Keep the wording of each record exactly the same when you repeat it, and leave out pictures.
• • • • • • •
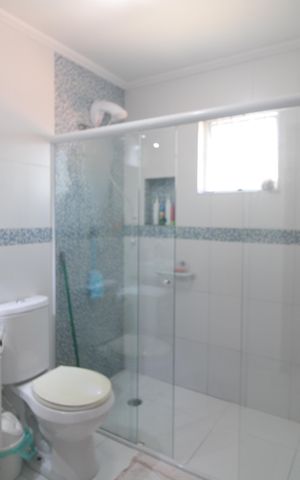 Casa à venda com 125m², 4 quartos e 2 vagasBanheiro comum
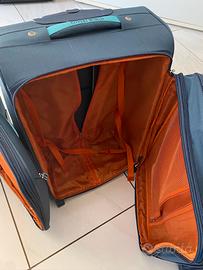 Set 3 Trolley Coveri World + beauty case.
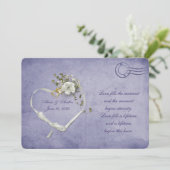 paars briefkaart met witte roos en linthart (Staand voorkant)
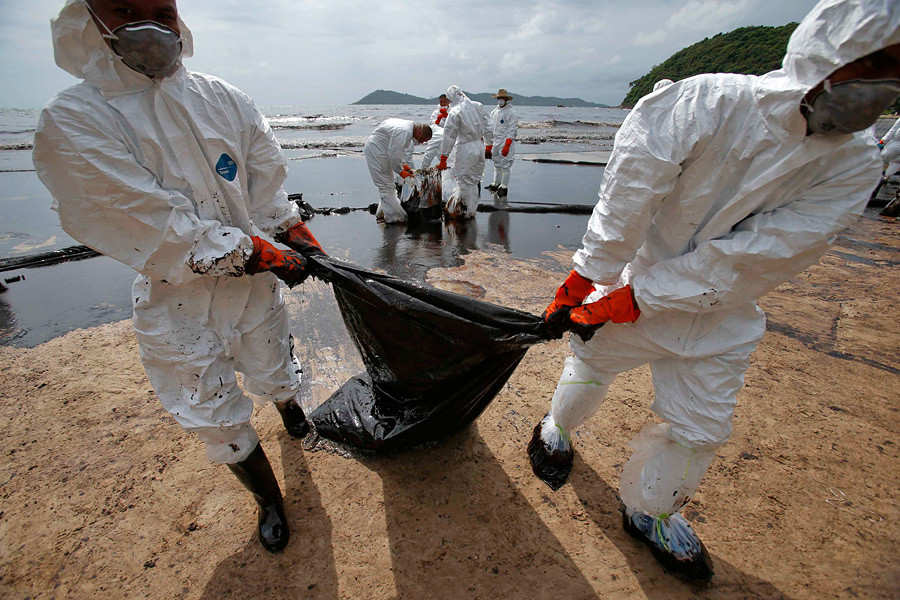 Разлив нефти в заливе Prao Bay. Июль 2013. Фото 789 – фотографии Таиланда
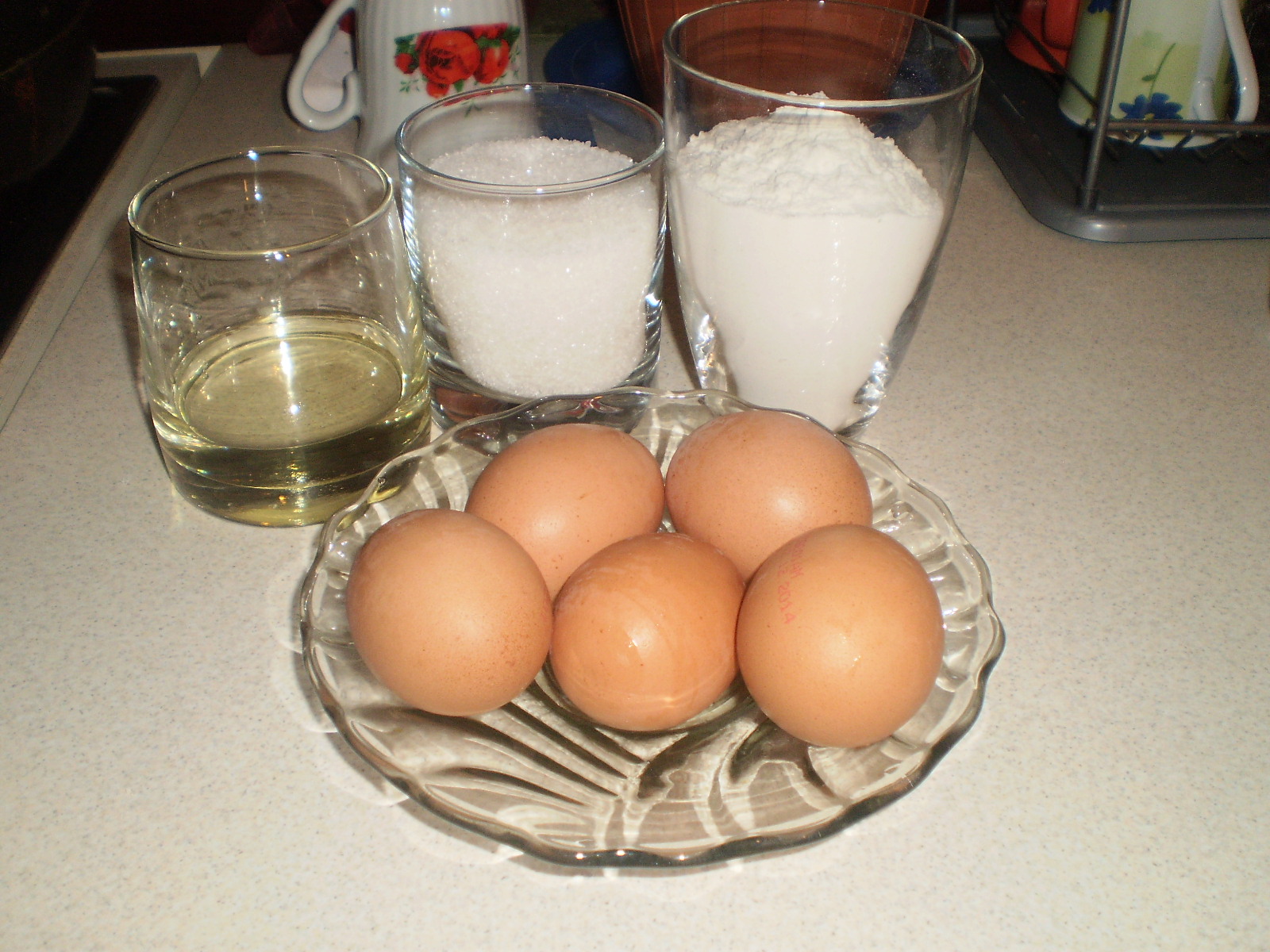 Tort cu crema de ciocolata si nuci
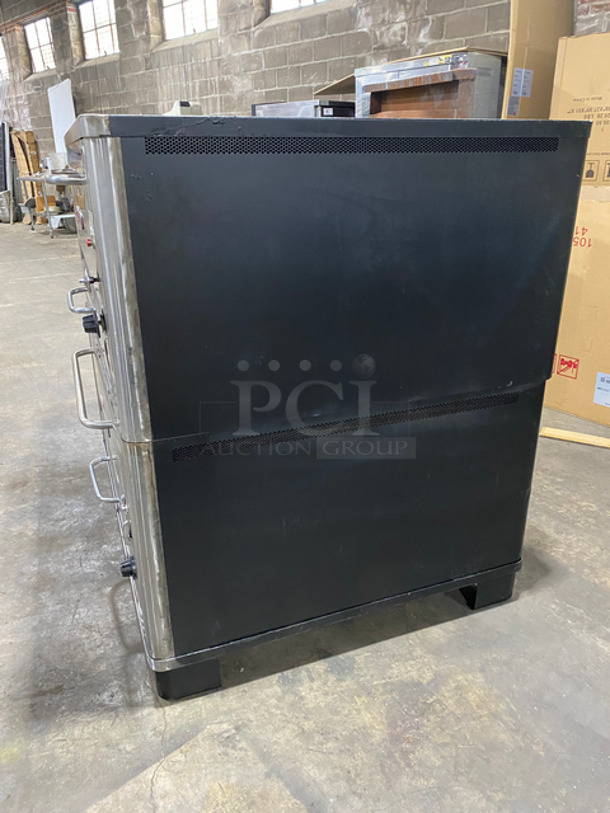 FANTASTIC! Blodgett Commercial Natural Gas Powered Double Deck Pizza Oven! All Stainless Steel! On Legs! 2x Your Bid Makes One Unit! Model: 1048-C-L-B SN: 039007281101 - Image 2 of 11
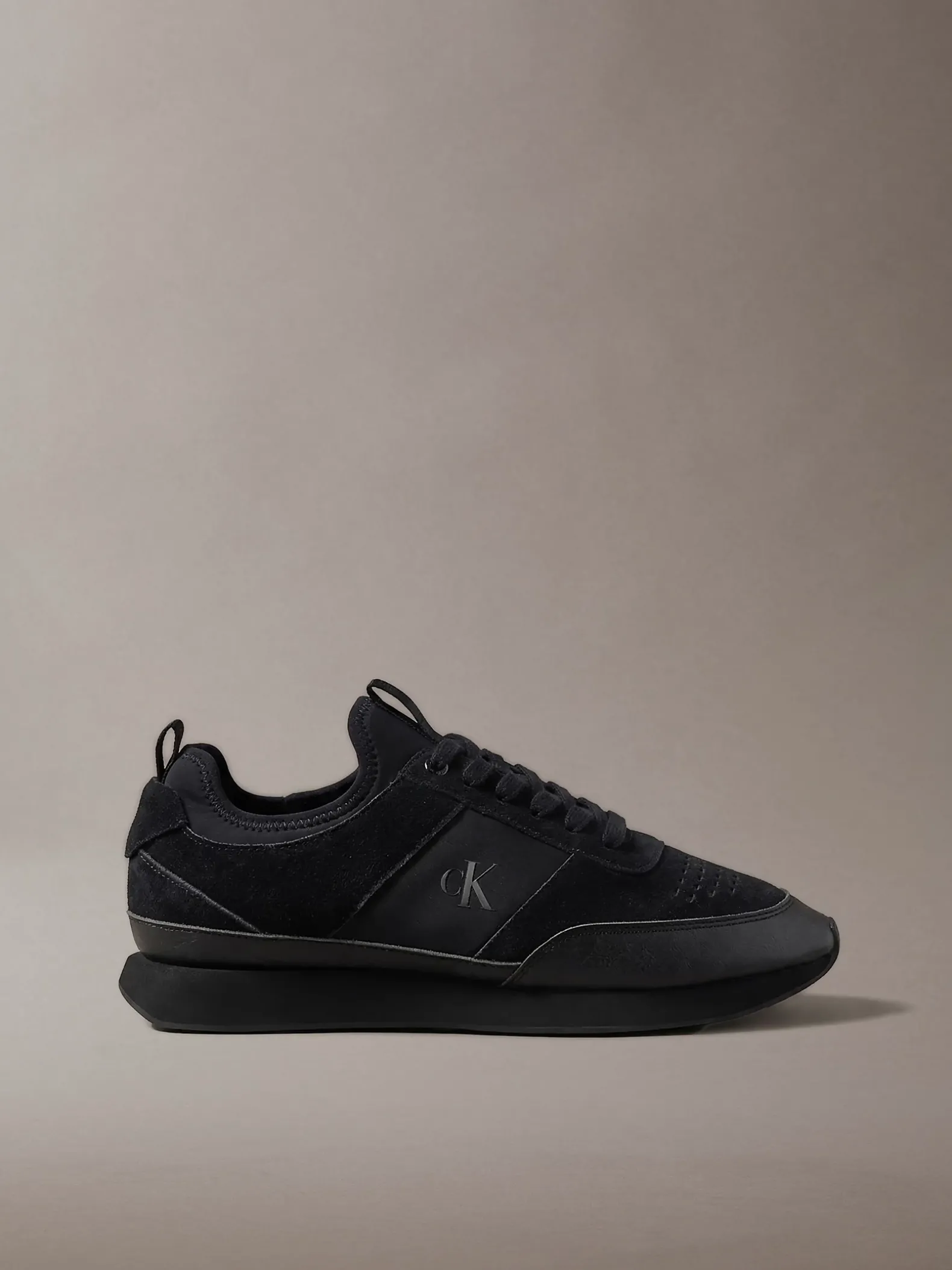Signature hardloopsneakers van suède met logo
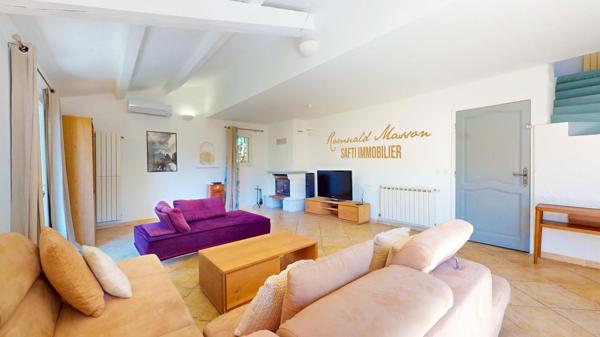 Maison 5 pièces 140m2 avec garage et piscine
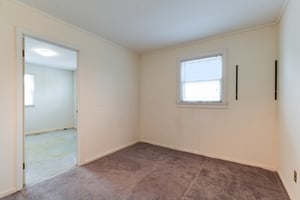 E 20th St-S1710-016.jpg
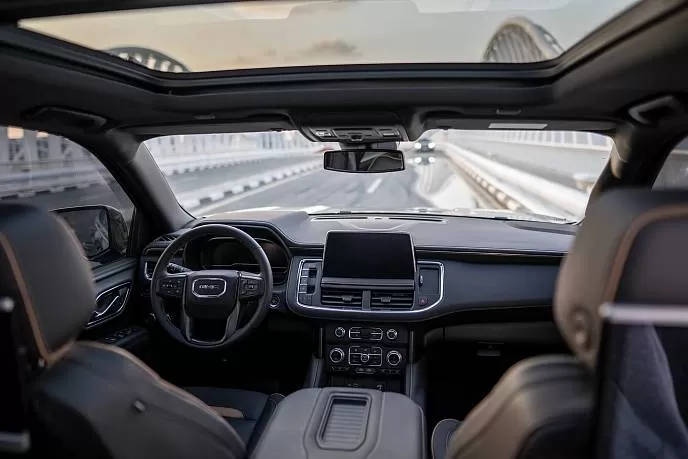 Аренда GMC Yukon в Дубае - фото 13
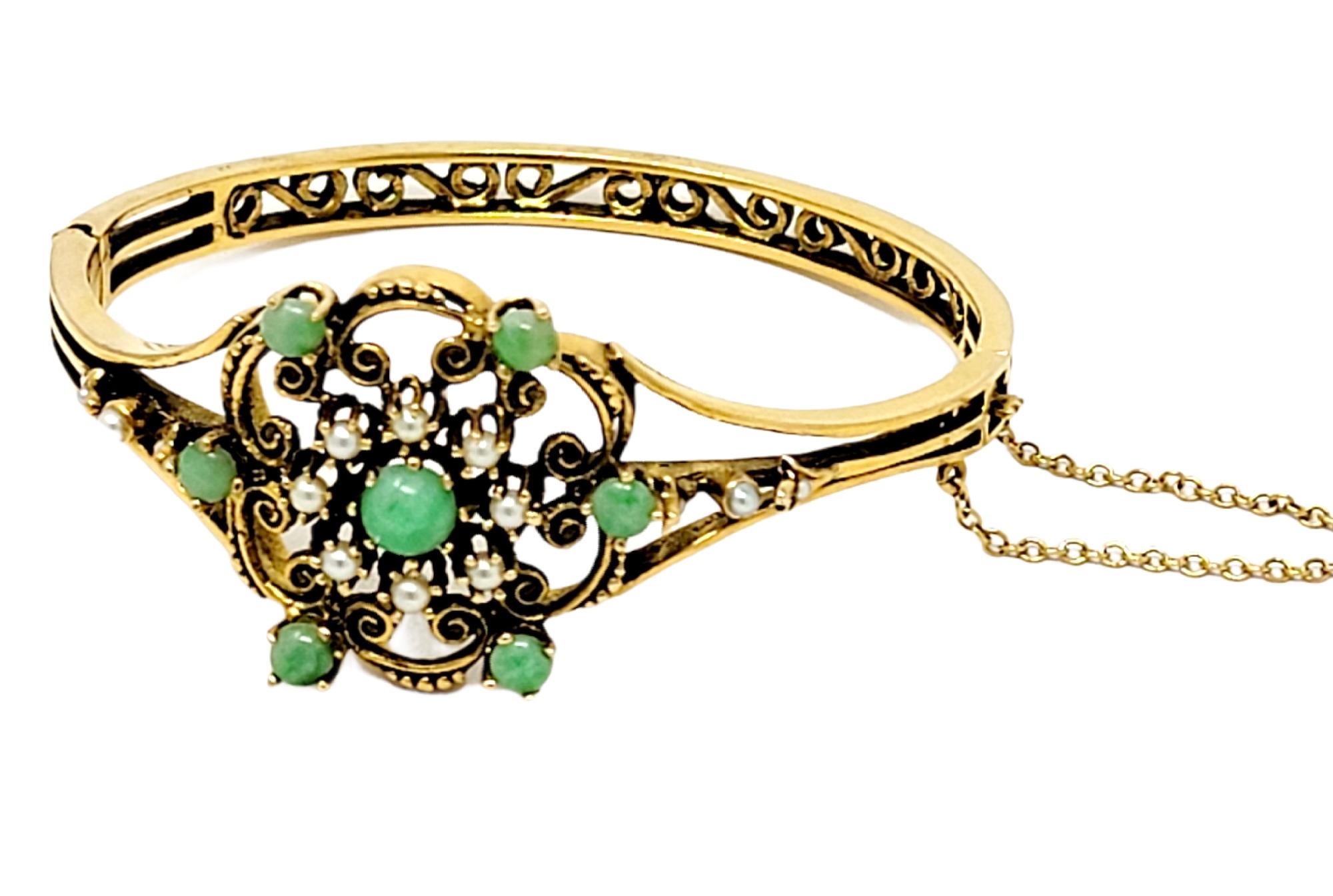 Vintage Jadeite and Seed Pearl Filigree Hinged Bangle Bracelet in 14 Karat Gold For Sale 3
• • • • • • •
Output for this exercise:
 Casa à venda com 125m², 4 quartos e 2 vagasBanheiro comum
 Set 3 Trolley Coveri World + beauty case.
 paars briefkaart met witte roos en linthart (Staand voorkant)
 Разлив нефти в заливе Prao Bay. Июль 2013. Фото 789 – фотографии Таиланда
 Tort cu crema de ciocolata si nuci
 FANTASTIC! Blodgett Commercial Natural Gas Powered Double Deck Pizza Oven! All Stainless Steel! On Legs! 2x Your Bid Makes One Unit! Model: 1048-C-L-B SN: 039007281101 - Image 2 of 11
Signature hardloopsneakers van suède met logo
 Maison 5 pièces 140m2 avec garage et piscine
 E 20th St-S1710-016.jpg
 Аренда GMC Yukon в Дубае - фото 13
 Vintage Jadeite and Seed Pearl Filigree Hinged Bangle Bracelet in 14 Karat Gold For Sale 3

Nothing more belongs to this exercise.